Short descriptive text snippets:
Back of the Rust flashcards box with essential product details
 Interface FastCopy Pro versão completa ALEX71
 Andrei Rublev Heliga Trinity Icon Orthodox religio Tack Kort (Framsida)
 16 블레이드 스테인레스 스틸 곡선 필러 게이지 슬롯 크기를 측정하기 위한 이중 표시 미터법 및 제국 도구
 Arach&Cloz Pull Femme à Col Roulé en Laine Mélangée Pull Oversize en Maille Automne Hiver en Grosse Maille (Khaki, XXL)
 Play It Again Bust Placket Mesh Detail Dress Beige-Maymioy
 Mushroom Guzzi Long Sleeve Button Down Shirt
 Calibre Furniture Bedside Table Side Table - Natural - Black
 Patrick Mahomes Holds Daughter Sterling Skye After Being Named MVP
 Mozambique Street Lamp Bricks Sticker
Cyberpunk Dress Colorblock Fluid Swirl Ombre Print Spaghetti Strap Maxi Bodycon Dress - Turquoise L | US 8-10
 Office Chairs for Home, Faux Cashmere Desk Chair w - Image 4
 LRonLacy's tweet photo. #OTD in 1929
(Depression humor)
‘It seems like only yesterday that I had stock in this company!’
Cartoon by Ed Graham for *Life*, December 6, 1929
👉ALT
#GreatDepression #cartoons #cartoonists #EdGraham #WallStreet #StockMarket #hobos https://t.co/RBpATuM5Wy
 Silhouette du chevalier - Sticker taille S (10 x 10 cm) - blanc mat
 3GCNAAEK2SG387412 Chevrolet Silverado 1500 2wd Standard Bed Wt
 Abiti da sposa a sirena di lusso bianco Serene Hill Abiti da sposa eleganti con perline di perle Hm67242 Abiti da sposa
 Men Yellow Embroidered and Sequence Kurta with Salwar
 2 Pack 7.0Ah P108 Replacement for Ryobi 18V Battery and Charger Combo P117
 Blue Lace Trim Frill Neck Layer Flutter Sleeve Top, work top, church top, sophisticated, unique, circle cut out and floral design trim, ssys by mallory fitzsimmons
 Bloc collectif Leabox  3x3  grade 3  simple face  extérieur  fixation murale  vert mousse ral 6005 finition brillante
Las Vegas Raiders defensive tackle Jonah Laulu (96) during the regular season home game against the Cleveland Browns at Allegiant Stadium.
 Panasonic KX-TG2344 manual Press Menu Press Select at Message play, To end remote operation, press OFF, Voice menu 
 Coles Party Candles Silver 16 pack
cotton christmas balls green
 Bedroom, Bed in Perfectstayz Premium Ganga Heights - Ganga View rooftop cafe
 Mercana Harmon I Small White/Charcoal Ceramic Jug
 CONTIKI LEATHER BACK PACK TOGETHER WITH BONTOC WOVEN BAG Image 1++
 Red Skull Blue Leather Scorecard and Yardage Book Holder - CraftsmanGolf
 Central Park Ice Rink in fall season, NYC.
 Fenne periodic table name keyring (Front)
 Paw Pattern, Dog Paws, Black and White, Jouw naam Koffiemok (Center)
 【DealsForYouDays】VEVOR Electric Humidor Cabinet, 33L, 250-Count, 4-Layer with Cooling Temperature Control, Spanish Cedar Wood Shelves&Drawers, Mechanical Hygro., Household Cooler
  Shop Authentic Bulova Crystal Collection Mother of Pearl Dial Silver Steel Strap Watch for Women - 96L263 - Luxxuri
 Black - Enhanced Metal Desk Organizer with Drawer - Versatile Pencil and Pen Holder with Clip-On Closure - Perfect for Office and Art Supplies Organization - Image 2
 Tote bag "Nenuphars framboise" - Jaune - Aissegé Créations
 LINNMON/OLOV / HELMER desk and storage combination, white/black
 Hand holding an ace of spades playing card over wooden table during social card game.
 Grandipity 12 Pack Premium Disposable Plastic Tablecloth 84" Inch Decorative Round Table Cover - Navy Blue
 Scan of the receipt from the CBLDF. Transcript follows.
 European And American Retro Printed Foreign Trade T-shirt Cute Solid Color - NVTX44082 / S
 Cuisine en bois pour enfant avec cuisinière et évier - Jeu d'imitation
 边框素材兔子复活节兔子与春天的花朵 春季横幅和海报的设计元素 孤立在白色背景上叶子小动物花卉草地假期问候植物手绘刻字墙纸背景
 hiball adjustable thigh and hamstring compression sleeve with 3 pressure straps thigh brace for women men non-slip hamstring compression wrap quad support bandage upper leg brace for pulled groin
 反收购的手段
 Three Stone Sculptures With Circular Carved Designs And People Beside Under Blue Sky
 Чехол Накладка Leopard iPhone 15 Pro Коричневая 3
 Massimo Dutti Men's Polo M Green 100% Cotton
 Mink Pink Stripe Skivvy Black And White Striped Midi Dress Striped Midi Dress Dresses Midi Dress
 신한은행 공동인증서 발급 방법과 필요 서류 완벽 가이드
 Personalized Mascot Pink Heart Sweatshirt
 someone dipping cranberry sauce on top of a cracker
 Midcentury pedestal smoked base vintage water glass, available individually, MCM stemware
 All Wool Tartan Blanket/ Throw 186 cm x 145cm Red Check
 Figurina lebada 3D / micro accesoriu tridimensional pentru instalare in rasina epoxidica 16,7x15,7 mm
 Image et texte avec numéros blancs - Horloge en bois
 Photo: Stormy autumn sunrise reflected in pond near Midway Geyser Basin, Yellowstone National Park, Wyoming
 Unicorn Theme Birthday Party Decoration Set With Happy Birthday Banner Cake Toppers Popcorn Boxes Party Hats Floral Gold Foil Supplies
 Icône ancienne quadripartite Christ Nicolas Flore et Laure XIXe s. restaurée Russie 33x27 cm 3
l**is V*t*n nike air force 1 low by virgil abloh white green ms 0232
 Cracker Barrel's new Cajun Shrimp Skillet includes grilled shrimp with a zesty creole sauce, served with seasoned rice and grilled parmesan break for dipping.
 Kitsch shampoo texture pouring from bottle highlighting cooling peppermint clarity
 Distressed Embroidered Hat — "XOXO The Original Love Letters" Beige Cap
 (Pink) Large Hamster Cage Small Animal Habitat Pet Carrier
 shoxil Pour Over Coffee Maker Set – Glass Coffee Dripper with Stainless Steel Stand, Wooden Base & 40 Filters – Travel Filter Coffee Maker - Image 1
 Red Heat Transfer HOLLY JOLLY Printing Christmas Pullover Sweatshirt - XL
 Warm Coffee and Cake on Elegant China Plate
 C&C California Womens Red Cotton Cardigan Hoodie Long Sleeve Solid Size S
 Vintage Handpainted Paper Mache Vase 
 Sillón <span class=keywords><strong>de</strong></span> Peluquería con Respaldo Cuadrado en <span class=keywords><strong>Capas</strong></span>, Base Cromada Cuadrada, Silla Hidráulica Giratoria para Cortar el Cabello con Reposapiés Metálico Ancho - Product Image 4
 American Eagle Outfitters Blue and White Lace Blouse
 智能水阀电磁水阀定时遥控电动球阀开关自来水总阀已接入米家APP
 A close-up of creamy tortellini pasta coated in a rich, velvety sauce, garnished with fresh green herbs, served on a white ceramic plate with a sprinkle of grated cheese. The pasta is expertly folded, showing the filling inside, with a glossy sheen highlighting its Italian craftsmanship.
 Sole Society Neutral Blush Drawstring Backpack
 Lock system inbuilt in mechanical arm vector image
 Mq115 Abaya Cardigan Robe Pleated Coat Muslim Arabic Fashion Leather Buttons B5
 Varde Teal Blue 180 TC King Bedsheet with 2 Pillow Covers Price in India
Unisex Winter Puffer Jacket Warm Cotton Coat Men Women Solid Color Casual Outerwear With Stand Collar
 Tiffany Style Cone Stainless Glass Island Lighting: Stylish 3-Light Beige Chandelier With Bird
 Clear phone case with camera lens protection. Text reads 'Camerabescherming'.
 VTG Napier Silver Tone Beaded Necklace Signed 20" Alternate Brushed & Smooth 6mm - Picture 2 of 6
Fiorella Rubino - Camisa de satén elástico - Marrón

What is required:
Please say how many lines in the entries hold the string "Cardigan". Give only the number.

Your solution:
2